Member of the Minsk City Council of Deputies
- In office 2010–2014

Personal details
- Born: February 24, 1977 (age 49) Minsk, Byelorussian SSR
- Alma mater: Belarusian State University

= Yury Voskresensky =

Belarusian politician and businessman

Yury Voskresensky (Yuri Vaskrasenski, Юрый Валер'евіч Васкрасенскі, Юрий Валерьевич Воскресенский; born 24 February 1977, Minsk) is a Belarusian politician from pro-Lukashenko Communist Party of Belarus and businessman closely collaborating with the regime of Alexander Lukashenko. In 2020, he organized a "Round table of democratic forces" intended to become a dialogue platform, but all major opposition figures refused to collaborate with him. Voskresensky is sometimes accused of working for the Belarusian KGB.

==Early life==
Voskresensky graduated from the Institute of parliamentarism and entrepreneurship and Belarusian State University. He was an activist of the youth branch (Komsomol) of Party of Communists (PCB) in early 1990s. In 1996, he moved to the pro-Lukashenko Communist Party of Belarus (CPB).

In 2008, he participated in parliamentary elections in the 106th precinct as a CPB representative against former PCB leader Sergey Kalyakin. He lost this election. In 2010, he participated in the municipal elections to Minsk City Council of Deputies, again as a CPB representative. He was elected. Later in 2010, he participated in All Belarusian People's Assembly and was invited to Lukashenko's inauguration.

In 2019, at least three companies related to Voskresensky were named by the Russian Rosselkhoznadzor as illegal exporters of banned foods to Russia by organizing their fake export to Kazakhstan and Kyrgyzstan via Russian territory. Voskresensky gave interview claiming that Rosselkhoznadzor's allegations are wrong.

==2020 election and its aftermath==

In 2020, Voskresensky joined the initiative group of Viktar Babaryka who intended to participate in the presidential election. Voskresensky collected signatures for Babaryka's registration in Pyershamayski District of Minsk. Several media claimed that Voskresensky was a member of the Babaryka's electoral headquarters, but Babaryka later dismissed that allegation. According to Babaryka's electoral site, 14,660 signatures were collected in Pyershamayski district. All these signatures were later found invalid by the Central Election Commission of Belarus.

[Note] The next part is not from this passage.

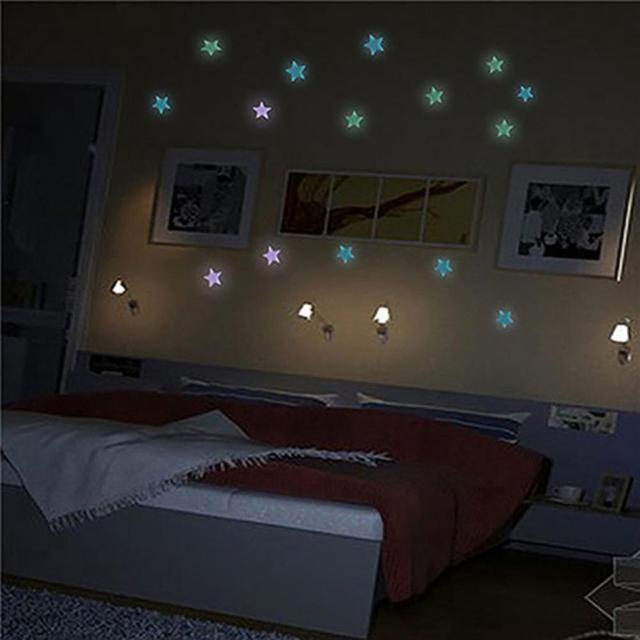 Naklejki ścienne 3D z sufitowymi gwiazdami, w ciemności świecące, 100/40 szt., śliczna dekoracja do domu - Wianko - 8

On 12 August 2020, Voskresensky was arrested by the KGB and was named the organizer of the protests in Uručča microdistrict of Minsk. He was sent to KGB SIZO (detention prison), but gave several interviews to the state TV channels criticizing opponents of Lukashenko. On 11 October 2020, Voskresensky was released. He claimed that he was released because KGB saw his potential and the investigator believed him. After being released, Voskresensky praised Lukashenko and criticized opposition leaders.

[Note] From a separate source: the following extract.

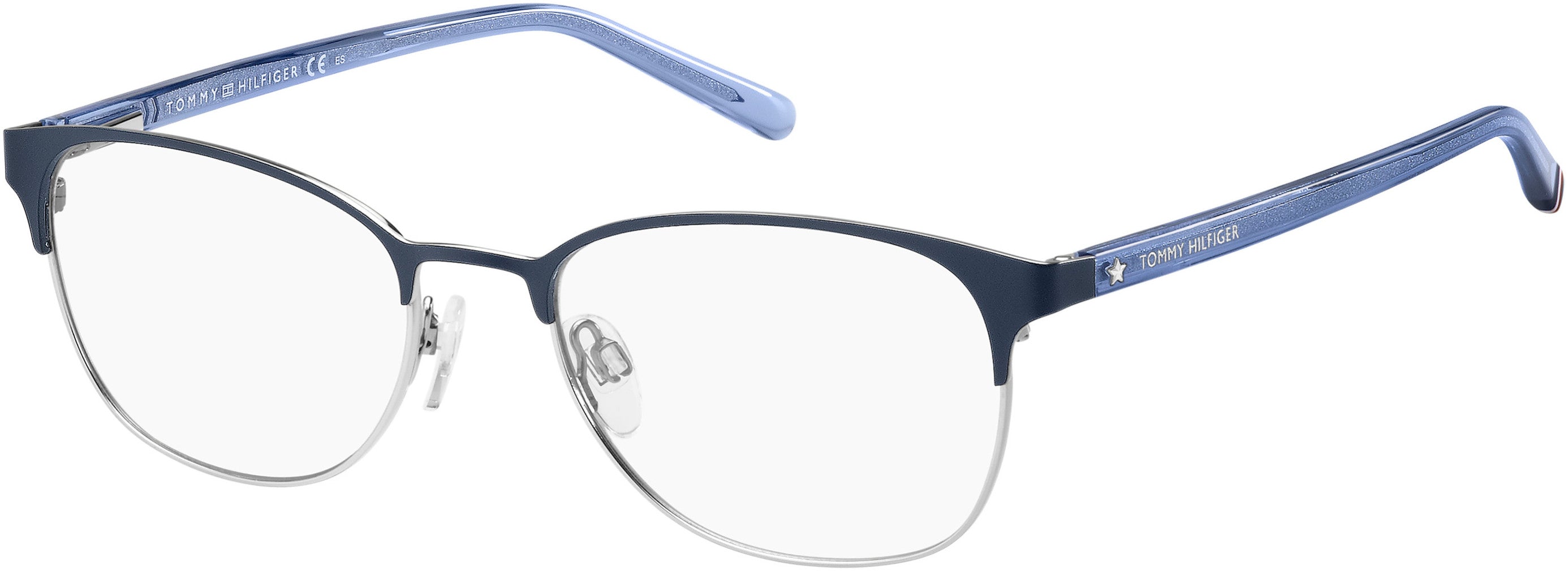 Tommy Hilfiger T. Hilfiger 1749 Cat Eye/butterfly Eyeglasses 0FLL-0FLL  Matte Blue (00 Demo Lens)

On 11 November 2020, Voskresensky announced that he created "Round table of democratic forces" (Круглый стол демократических сил; KSDS) and said that it should become the opposition platform for dialogue with the authorities. It was noted that KSDS rented former office of Babaryka's electoral headquarters. Voskresensky claimed that the opposition association Coordination Council agreed to participate in KSDS, which was denied by the Coordination Council on the same day.

Opposition leader Sviatlana Tsikhanouskaya refused to participate in Voskresensky's activities, claiming that he imitates dialogue and acts in the interests of authorities. She also called him a "political impostor". Opposition candidate Siarhei Cherachen also criticized Voskresensky's round table as an imitation of dialogue. Another opposition candidate in 2020 elections Andrey Dmitriyeu refused to participate in Voskresensky's KSDS, calling it a "stillborn initiative designed to discredit the idea of dialogue". He also voiced the assumption that Voskresensky is a hostage who tries to avoid going to KGB prison again. Analytical center in exile iSANS characterized Voskresensky's role as a negotiator with the authorities who was designated by them. Despite the lack of interest of the opposition, KSDS activities were widely covered by the state-owned media. Grigory Ioffe from the Jamestown Foundation characterized Voskresensky as being "discredited by the protestors as a traitor to their collective cause".

In September 2021, Voskresensky visited Karpacz economic forum in Poland. Voskresensky claimed that he wanted to meet with the representatives of Ministry of foreign affairs of Poland and start negotiations about the lifting of sanctions against Belarus. He claimed to be invited by Poland by the government, but the Polish deputy foreign minister denied this. Organizers later said that he was invited by mistake. However, Polish web portal Onet.pl claimed that Voskresensky's visit wasn't accidental because Poland wanted to free imprisoned activists of Polish minority in Belarus.